LAHORE: Moody’s in a report released on Thursday said the recently announced mini-budget supports exports but will increase fiscal consolidation challenges for the government.
According to the rating agency, there is a greater risk of fiscal slippage and slower fiscal consolidation in the dearth of further revenue-raising measures.
It noted that the mini-budget announced on 23rd January greatly concentrates on revenue-based measures to improve supply-side conditions for businesses and incentivize domestic reinvestment.
Also, if successful, the measures will assist the country’s manufacturing sector, promoting exports and import substitution and help narrow the current account deficit.
Due to the dearth of new spending cuts or revenue-raising measures, Moody’s said these measures will keep Pakistan’s budget deficits wider for longer, likely undermining the credibility of government efforts to achieve fiscal consolidation.

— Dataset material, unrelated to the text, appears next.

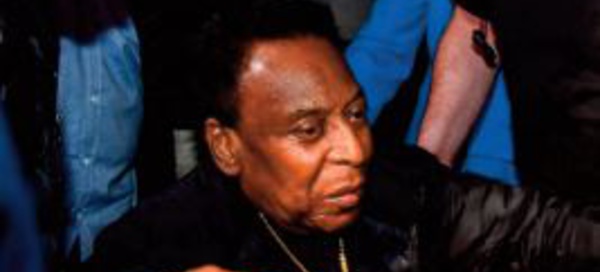 Pelé de retour à l'hôpital pour traiter une tumeur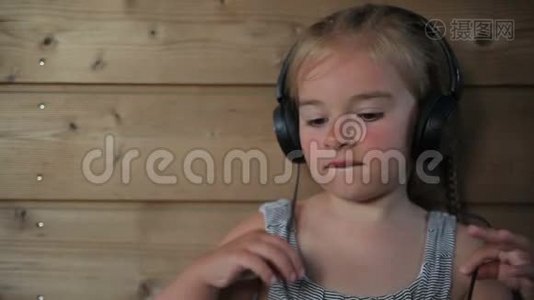 女孩在耳机上听音乐视频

And highlighting the previous mini-budget announced in September last year which focused on spending cuts, the second one is aimed at improving business conditions, including for manufacturers and exporters by reducing or removing existing taxes that erode profit margins or disincentivize reinvestment.
Moody’s said specific measures announced include a decrease in import cotton duties on essential raw materials, the abolition of tax on retained earnings and incentives for the agriculture, which constitutes for roughly 20% of the country’s exports.
The report said the country’s revenue base was a narrow 15.4% of GDP in FY18 which ended June 2018.
It added the current government presented limited revenue-raising measures, especially taxes on large vehicles and high-end mobile phones.
Consequently, the mini-budget put greater emphasis on improvement in tax administration and spending restraint for it to meet its deficit target of 5.1% of GDP.
It projected the deficit to widen to 6% of GDP in fiscal 2019 due to revenue growth possibly being below government forecasts, slower economic growth and the new revenue-based incentives.
The rating agency said the deficit would narrow to 5% by fiscal 2021, as the economy picks up.
And it believed the PTI government remains devoted to fiscal consolidation, however, a wider for longer deficit could raise questions over the credibility of its fiscal policy.
As per Moody’s, the mini-budget comes amid low export growth for the first half of FY19, despite the Pakistani rupee’s 25% decline against the US dollar since December 2017.
Additionally, the government is trying to narrow the current account deficit by decreasing some of the tax distortions exporters face.
Aside from weak exports, the rating agency noted Pakistan’s current account dynamics have been largely positive in recent months.
On a year-on-year basis in dollar terms, remittances increased 10 in the first half (July-December) of FY19, while goods imports sharply contracted to about 3% YoY as non-fuel goods imports declined.
It projected the current account deficit to narrow to 4.7% of GDP in FY19, 4.2% in FY20 compared to 6.1% in FY18, however, it will remain sizable and wider than it was in 2013-16 fueling the country’s external financing requirements.
Pakistan has obtained $12 billion in financing from Saudi Arabia and the United Arab Emirates, amounting to $6 billion each respectively and divided equally between deposits and deferred oil payments, which is likely to cover its net financing needs for FY19, said Moody’s.
But the rating agency cautioned a net financing gap beyond FY19 remains due to the still sizeable current account deficit.
Moody’s said negotiations are ongoing with the International Monetary Fund (IMF) over a new programme which would provide a stable additional source of external funding besides technical support and assistance on macroeconomic rebalancing and structural reform policies.
Moreover, Pakistan is also in discussions with other countries like China and Qatar, multilateral lenders such as the Asian Development Bank (ADB), the International Bank for Reconstruction and Development (IBRD) and the Islamic Development Bank over external funding support to bolster its external position, the rating agency concluded.